Global oil prices have surged past $100 per barrel due to the ongoing conflict involving Iran, the United States, and Israel, raising concerns about a broader economic impact.
Trading in Asian markets on Monday (March 9) saw Brent crude futures rise $18.35, or 19.8 percent, to $111.04 per barrel. US West Texas Intermediate (WTI) crude increased $16.50, or 18.2 percent, reaching $107.40 per barrel.
Analysts had predicted that oil would surpass $100 this week, and Monday’s spike reflects the first-day market reaction.
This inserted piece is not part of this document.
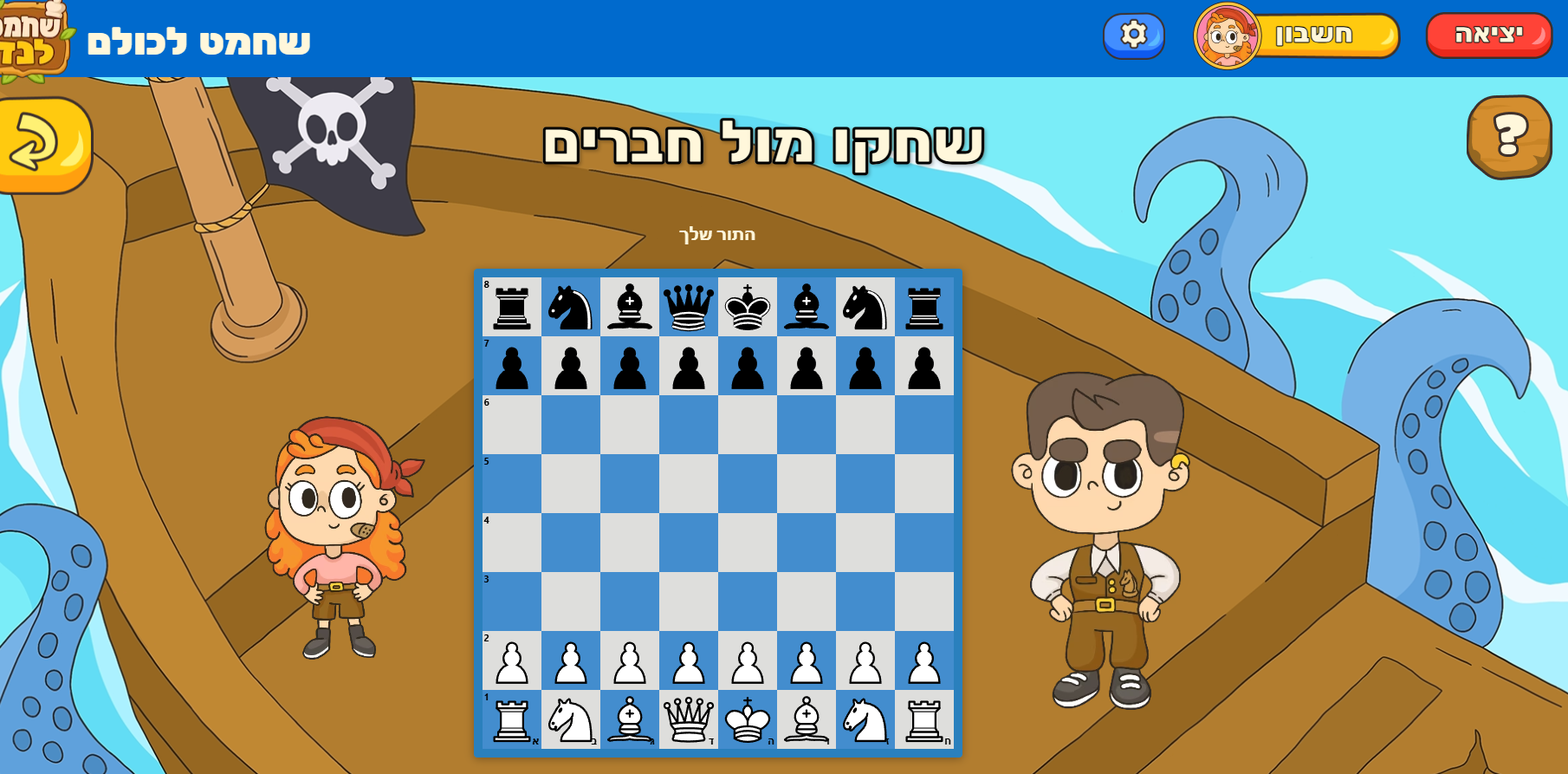 מסך מתוך אפליקציית שחמטלנד — שחקו מול חברים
The price surge comes amid production cuts by major Middle Eastern oil producers and disruptions in shipping through the Strait of Hormuz, a key global oil transit route. Iraq and Kuwait have reduced production, while Qatar has cut liquefied natural gas (LNG) supply. An official from Iraq’s Basra Oil Company confirmed that storage limitations forced a 70 percent reduction in output, leaving just 1.3 million barrels.
Bruce Kassman, chief economist at JP Morgan, told Reuters that the global economy remains heavily dependent on Middle Eastern oil and gas. He added that oil could reach $120 per barrel in the short term if the conflict continues, though prices may fall if tensions ease.
According to OilPrice.com, current international oil prices have reached $115 per barrel. Shipping through the Strait of Hormuz is near a standstill due to attacks by Iran’s Islamic Revolutionary Guard Corps (IRGC) on transit vessels. Analysts warn that prolonged conflict could potentially double oil prices.